Thursday, August 20, 2009

Beaverdam, OH - Pumpkin Ping Pong

Things have been quite stressful and I have to get in bed shortly, due to a 3:45 AM alarm clock, but I wanted to write a short update of what happened today. The day started off simply enough: I woke up at 3:45 to get to the consignee on time, stopped for nothing but fuel, and made it with about 45 minutes to spare. Along the way I got my next work assignment. The first red flag was the estimated delivery time; even the trip planning computer didn't see any way I could get there less than half an hour late and this was reflected on the assignment I received. Adding to the confusion was the complete lack of a bill of lading or pickup number.

Along the way to the shipper, as I desperately tried to make up time, I started playing Qualcomm tag with the customer service department. I eventually was let in on a particularly odd piece of information. The load is a "blind" load, in that the shipper is not supposed to know where the load is actually going to. Think about that for just a moment: I'm hauling twenty tons of stuff and we're lying to the company who is paying us to haul it about where it's actually going. If that makes any sense to you whatsoever, then please explain it to me. After thus ruling out every piece of information I'd received about the load, the customer service department finally sent me a PO number, which was all I needed to get the load.

Once I arrived at the shipper, I saw one of our guys trying to pull a trailer out of the building. I figured he was leaving with it, but no, we weren't about to be so lucky. Turns out that this place requires drivers to put an empty trailer in the dock they take their load from. That may sound simple in principle, but it adds a substantial amount of work: we have to drop the empty trailer, grab the loaded trailer and move it out of the way, drop the loaded trailer, pick up the empty and try back it into the dock, drop the empty, get the paperwork from the shipping office, and only then can we grab the loaded trailer and leave. Compounding the issue, there was perhaps 25 feet between the front of the trailers and the cars parked directly opposite the dock doors. Even worse, because of the way things were configured, every other driver who needed to use the facility ended up blocking me in while they did what they needed to do, including two of our own guys. I had to help both of them, but neither one of them would offer any help to me at all, the good for nothing @#*$(@s...

In any event, what should have just been a half-hour drop and hook turned into a two hour ordeal. This made my delivery appointment for 7:30 AM - which looked unlikely enough from the beginning - into a complete physical impossibility. I conveyed this to operations and was told to call back in once I scaled the load and had a firm estimate of when I could deliver the load. So I went about ten miles the other direction since that was the nearest scale (I later discovered, much to my dismay, that there were other scales along the way), ensured that the load was legal, and called back in to operations with a firm estimate of 12 noon. I explained why, sent in the appropriate Qualcomm messages, and was assured that we'd "have an answer by the end of the day" with regard to a changed delivery appointment. So I started driving and... unsurprisingly, never got an answer. Go figure, right?

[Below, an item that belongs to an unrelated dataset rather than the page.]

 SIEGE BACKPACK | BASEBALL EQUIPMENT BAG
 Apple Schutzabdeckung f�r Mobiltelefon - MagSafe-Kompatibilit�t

By the time I shut down for the night, I still hadn't gotten an answer about the delivery appointment. So I called support shift about it and was told that nobody had actually done any work on trying to get the delivery appointment changed. Apparently there wasn't even a note showing up in the system that someone needed to work on it, or anything other than my message saying that I wasn't going to be able to make it until noon. So I was put on hold for two minutes while he checked with customer service and told someone would send me a message when and if anything changes but, unless I hear otherwise, to proceed and try make it there as soon as possible. I plan on stopping somewhere along the way to call and get confirmation of what's going on, since this has gone beyond merely being ridiculous and into behavior I can only describe as malicious.

Regardless of what happens at this point, my alarm is still set for 3:45 and I plan on getting moving unless I'm told otherwise. If they move the delivery back more than a day, I'll ask about relaying the thing in Akron, OH. If they still haven't sent me some sort of confirmation about the new time, I'll be stopping before I make it into Pennsylvania for fuel and asking for verification of things before I get onto the turnpike. I'll be pleasantly surprised to hear anything at all, though.